За действиями Персея внимательно наблюдал Эвмен II. После покушения на жизнь пергамского царя в Дельфах он обвинил Персея в подготовке убийства. Следуя примеру своего отца Аттала I, разжегшего Вторую Македонскую войну сообщением о действиях Филиппа V перед римским сенатом, Эвмен II в 172 году до н. э. предстал с пламенной речью перед сенатом. В ней он уверял, что каждое действие Персея представляло прямую угрозу Риму. Его слова возымели успех не из-за правдоподобия аргументов, но потому, что римская знать благосклонно относилась к планам войны в Греции.
На протяжении нескольких лет Рим не участвовал в военных действиях, что разочаровывало младших сенаторов, с завистью взиравших на победы, триумфы и славу старшего поколения. Топливом конкуренции аристократов была война. Влиятельные римские всадники, члены второго по значению в римском обществе сословия, активно вовлекались в торговлю и ремесло. Потому они имели прямой интерес в приобретении новой добычи и обращении в рабов новых военнопленных; такой исход казался привлекательным и части простого населения. Экономический интерес был куда более вероятной причиной войны, нежели защита союзников или обязательства, вытекающие из fides.

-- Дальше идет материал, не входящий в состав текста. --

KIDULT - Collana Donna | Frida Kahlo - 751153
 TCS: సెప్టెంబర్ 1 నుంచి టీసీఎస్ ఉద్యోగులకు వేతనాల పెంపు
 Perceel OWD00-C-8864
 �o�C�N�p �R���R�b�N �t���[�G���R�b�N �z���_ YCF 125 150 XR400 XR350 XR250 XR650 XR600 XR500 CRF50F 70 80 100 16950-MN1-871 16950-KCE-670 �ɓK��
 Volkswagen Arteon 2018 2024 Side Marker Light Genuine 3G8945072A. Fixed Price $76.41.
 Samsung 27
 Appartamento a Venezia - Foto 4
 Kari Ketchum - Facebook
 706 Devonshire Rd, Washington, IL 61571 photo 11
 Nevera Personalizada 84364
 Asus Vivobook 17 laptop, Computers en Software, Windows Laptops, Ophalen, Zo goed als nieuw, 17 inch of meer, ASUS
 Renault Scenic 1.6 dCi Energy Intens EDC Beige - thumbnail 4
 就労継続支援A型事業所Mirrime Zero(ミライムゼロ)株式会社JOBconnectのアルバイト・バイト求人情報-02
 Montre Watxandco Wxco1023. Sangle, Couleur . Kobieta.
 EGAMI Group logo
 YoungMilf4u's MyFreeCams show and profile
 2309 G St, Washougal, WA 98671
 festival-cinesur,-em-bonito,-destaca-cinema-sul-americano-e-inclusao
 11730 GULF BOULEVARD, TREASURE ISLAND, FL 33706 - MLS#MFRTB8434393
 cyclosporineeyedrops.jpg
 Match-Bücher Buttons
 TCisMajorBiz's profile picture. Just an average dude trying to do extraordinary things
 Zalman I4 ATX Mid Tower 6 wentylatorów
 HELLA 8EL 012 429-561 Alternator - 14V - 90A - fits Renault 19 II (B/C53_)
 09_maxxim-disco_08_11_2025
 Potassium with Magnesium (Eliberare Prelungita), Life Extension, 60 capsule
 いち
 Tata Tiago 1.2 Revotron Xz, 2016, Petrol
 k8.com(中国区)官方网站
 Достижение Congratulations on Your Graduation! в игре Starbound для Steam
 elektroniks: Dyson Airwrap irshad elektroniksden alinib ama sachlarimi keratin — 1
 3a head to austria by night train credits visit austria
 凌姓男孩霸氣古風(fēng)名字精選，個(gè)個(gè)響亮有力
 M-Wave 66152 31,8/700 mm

Неудивительно, что новоизбранные консулы потребовали выделить на следующий год в область их ответственности Македонию. В Грецию для подтверждения поддержки эллинов в случае потенциальной войны против Персея были направлены посольства. В то же время македонский царь, не желая военной конфронтации, предпринимал меры для увеличения своего авторитета в Элладе. В греческих городах многие из тех, у кого имелись причины быть недовольным ситуацией, взирали на него с надеждой — вероятно, не потому, что у Персея были какие-то конкретные планы социальных реформ или отмены долгов, но из-за ненависти к предводителям олигархии, поддерживавшим римлян.